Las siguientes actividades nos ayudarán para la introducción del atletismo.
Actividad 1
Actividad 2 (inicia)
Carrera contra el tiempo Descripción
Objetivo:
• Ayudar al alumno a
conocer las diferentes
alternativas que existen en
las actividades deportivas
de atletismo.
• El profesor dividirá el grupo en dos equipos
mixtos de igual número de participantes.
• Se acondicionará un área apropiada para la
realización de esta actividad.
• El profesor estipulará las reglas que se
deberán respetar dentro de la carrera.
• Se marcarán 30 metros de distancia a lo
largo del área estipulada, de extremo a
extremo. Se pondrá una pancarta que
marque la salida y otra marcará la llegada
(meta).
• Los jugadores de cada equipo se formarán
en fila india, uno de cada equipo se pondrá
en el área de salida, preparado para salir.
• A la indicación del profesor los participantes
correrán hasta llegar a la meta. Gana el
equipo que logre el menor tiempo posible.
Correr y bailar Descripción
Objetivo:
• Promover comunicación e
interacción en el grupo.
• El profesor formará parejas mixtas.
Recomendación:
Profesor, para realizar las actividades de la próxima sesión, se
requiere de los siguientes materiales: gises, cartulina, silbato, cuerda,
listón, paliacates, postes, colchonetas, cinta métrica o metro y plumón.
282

### Exercise description
Only the lines from the first line of the material above through the line that contains "reglas que se" should be quoted, each one exactly.

### Answer section
Las siguientes actividades nos ayudarán para la introducción del atletismo.
Actividad 1
Actividad 2 (inicia)
Carrera contra el tiempo Descripción
Objetivo:
• Ayudar al alumno a
conocer las diferentes
alternativas que existen en
las actividades deportivas
de atletismo.
• El profesor dividirá el grupo en dos equipos
mixtos de igual número de participantes.
• Se acondicionará un área apropiada para la
realización de esta actividad.
• El profesor estipulará las reglas que se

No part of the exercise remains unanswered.